After a decade of reporting on sports for Canadian media, Mike Levin spent twelve years in Asia writing on business for newspapers in Toronto, New York, and London, and then running Billboard magazine's Far East Bureau in Hong Kong. Returning to Canada he discovered the creative links among these subjects and in 2006 did the only sensible thing by starting Unfolding, an arts magazine in Ottawa.

Tobin Siebers is V. L. Parrington Collegiate Professor and Professor of English Language and Literature and Art & Design at the University of Michigan. He is the author most recently of Disability Theory (Michigan 2008), Zerbrochene Schönheit (Transcript Verlag 2009), and Disability Aesthetics (Michigan 2010).

ML: What are you trying to say with your two new books?

TS: My two new books, Disability Aesthetics and Zerbrochene Schönheit, have similar goals, although aimed at different audiences. My first goal is to disrupt the belief that disability can have no connection to the ancient craft of the beautiful. When most people think about disability, beauty does not immediately spring to mind. Disabled people are almost everywhere stigmatized as ugly. Similarly, most people have a difficult time conceptualizing the idea that disabled people are in a position to make significant contributions to art, either as symbols of aesthetic beauty or by making art themselves. Nevertheless, the history of modern art unveils increasingly as it evolves a powerful connection to disability. Aesthetics opens us to more expansive and diverse conceptions of the human, and disability has become a powerful tool for rethinking human appearance, intelligence, behavior, and creativity.

My second goal, related to the first, is to mount a historical argument that demonstrates the awareness and use of disability by modern artists. Surprisingly, broken and disabled bodies in art are not seen as less beautiful because of their state but as more beautiful. The modern in art is increasingly readable as disability, and to the point where we now recognize modern art and its techniques by the embrace of bodies that can only be called disabled. The techniques of Dada and Expressionism deform the bodies represented by them, seeming to picture disabled people. The palette of modernism paints human faces in greens, yellows, and purples, embracing discoloration without rejecting attendant associations of disease. The modernist determination to flatten the canvas and to draw attention to the sculptural quality of paint often stunts figures, bending and twisting them into avatars of disability. Moreover, the attention given by modern art to themes of alienation, violence, panic, terror, sensory overload, and distraction requires an openness to disability as a visible and potent symbolization of these modern themes. If modern art has had such enormous success, it is because of its embrace of disability as a distinct version of the beautiful. No object has a greater capacity to be accepted at the present moment as an aesthetic representation than the disabled body.

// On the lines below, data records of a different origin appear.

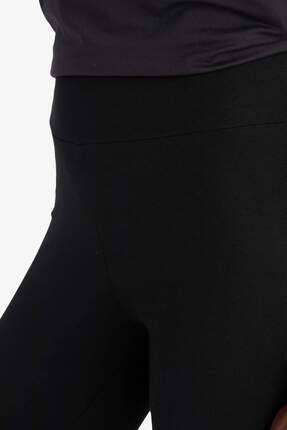 Siyah Yüksek Bel Beli Saran Pamuklu Basic Düz Sporcu Tayt Z6327AZ24AU Image 5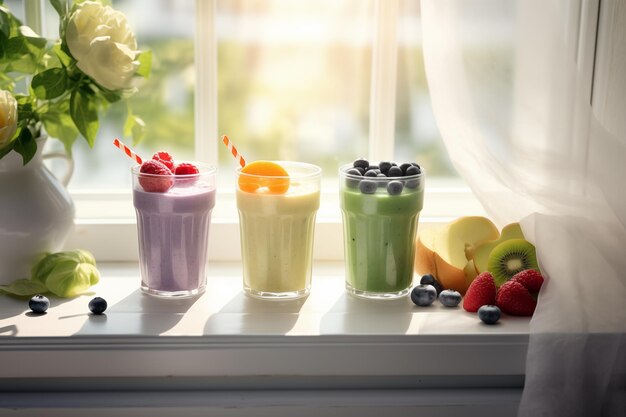 Smoothie de frutas y bayas Alimentos saludables Dieta de desintoxicación Cocktails orgánicos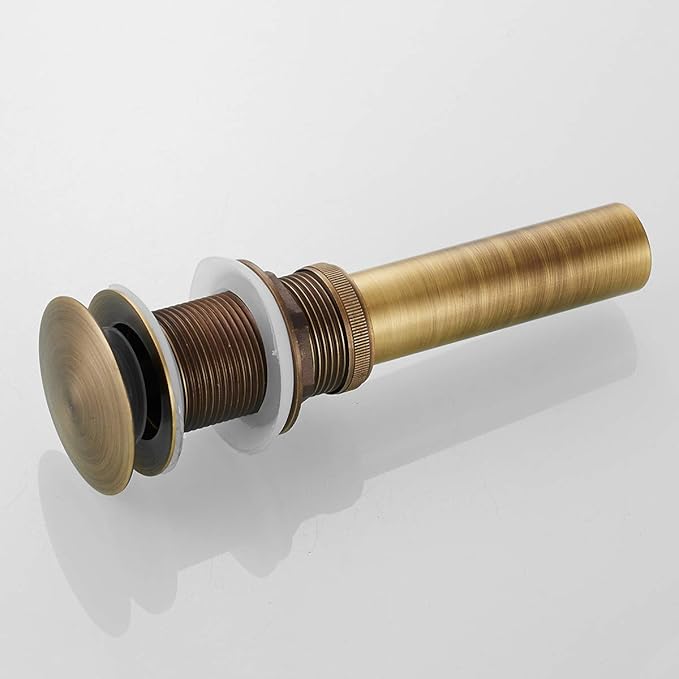 Flybath Sink Drain Antique Brass Bathroom Faucet Large Pop Up Vessel Basin Sink Drain Stopper Without Overflow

ML: Why does disability reflected in art's broken mirror grow more beautiful if our North American culture becomes more intolerant of imperfections?

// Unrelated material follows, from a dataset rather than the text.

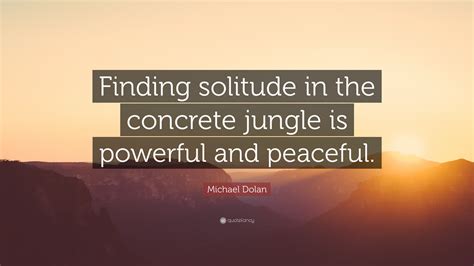 Michael Dolan Quote: “Finding solitude in the concrete jungle is ...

TS: The answer to this question is complex because we live in two cultures of beauty, and they are often confused with each other. On the one hand, aesthetic culture views human variation increasingly as the motor that drives the appearance of the beautiful. Here discussions of imperfection do not make a great deal of sense because the idea of aesthetic beauty does not mirror ideals of physical perfection. On the other hand, we live in a commercial culture that markets human beauty. This idea of beauty is linked specifically to the human body, and it seems to be growing more narrow even as it grows more influential. This last culture is the one that seems intolerant of imperfections. It is the culture of the beauty pageant and plastic surgery, the culture so successfully and rightly attacked by feminists.

What we call aesthetic beauty has been developing for many centuries, but with modern art it emerges in all of its glory, and in a way where it becomes quite difficult to confuse its ideals with those of commercial beauty. If I were to say that Picasso's bathers in Les Demoiselles d'Avignon are beautiful, I would not be saying anything radical or unintelligible. People go to museums to have this experience of beauty. But if I took my daughter to a plastic surgeon and insisted that she have an operation to make her look like one of Picasso's bathers, I could be rightly accused of abuse because the result would be to deform my daughter's appearance. Orlan, the French performance artist, made the particular nature of aesthetic beauty clear for all to see when she determined to use cosmetic surgery to give herself the appearance of some of the great beauties in the history of art, including the Mona Lisa and Botticelli's Venus. She also took facial features from non-Western art, from African masks, for example. The result was not a face that commercial culture could accept as a human beauty. In fact, she looked monstrous from the point of view of commercial culture.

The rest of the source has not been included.